Planning Your Content Inventory: A Technical Quick Guide
Your content inventory is typically a precursor to a content audit, migration or site redesign. A well-scoped and finely-tuned content inventory lays the foundation for a more meaningful audit, a smoother migration and a successful site relaunch.
I take a consistent, exhaustive and forensic approach to any content inventory – the result is to make it efficient, comprehensive and repeatable. While delivering the catalog of known content, the inventory can also reveal previously unknown and dissociated content.
This technical quick guide is offered for use in planning your own content inventory. It consists of five phases: Familiarization, Preparation, Determination, Execution and Delivery. Where relevant, additional explanation is provided for given steps.
Familiarization
You want to establish the context for the content inventory in terms of the organization, the project and its business goals.
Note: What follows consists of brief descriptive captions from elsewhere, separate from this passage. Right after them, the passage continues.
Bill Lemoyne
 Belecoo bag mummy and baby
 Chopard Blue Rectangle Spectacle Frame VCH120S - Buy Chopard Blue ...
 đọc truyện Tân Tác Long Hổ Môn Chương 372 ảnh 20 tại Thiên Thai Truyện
A baseline level of domain knowledge is necessary before cataloguing the content holdings of a website or other web property.
For example: What problems will the inventory solve? Is this inventory for specific site sections, an entire site, or a collection of sites? Is this a one-off content inventory or a recurring inventory? Will the results be used for a wholesale redesign, a lift-and-shift, or migration into another system?
With the proper context established, you can align the remaining phases accordingly and perform an inventory that supports the project’s goals.
The Steps
Assemble an overview of:
the organization
its mission
existing taxonomies
existing ontologies
the project
its scope
charter
roadmap
epic and story backlog if available
inventory deliverables expected
intended use for the results
timeframe for delivery
past work, if applicable
Preparation
This is your technical discovery phase. Its purpose and benefit are to identify all pertinent details of an organization’s technical ecosystem that will yield value in the content inventory and that will determine how you conduct the inventory itself.
By proceeding methodically, you can reduce the need for rerunning the inventory and the risk of missing important details.
The mechanism here is a checklist to interrogate every aspect of the technical ecosystem for its relevance to and influence upon the content inventory. These questions must establish what content exists, in which content types or other forms it is constituted, how it is supported and maintained, what specific content among it is necessary to inventory, what systemic factors might affect or detract from the inventory, and the best technical approach to achieve a unified inventory.
This phase will simultaneously expose and exclude requirements for the inventory. As important as learning what need to do, you will emerge knowing what work you will not need to do – or at least what elements you need to steer around.
Importantly, you will also arrive at a sense of who you ultimately need to involve in the inventory from across various teams, i.e. database admins, taxonomists, subject matter experts, project leads and system engineers.
The Steps
Systematically define the scope of the inventory and incorporate any technical considerations, including:
sites
domains
subdomains
external resources
SlideShare presentations
SoundCloud audio
YouTube video
Content Delivery Network (CDN) resources
behind a controlled Canonical Name (CNAME)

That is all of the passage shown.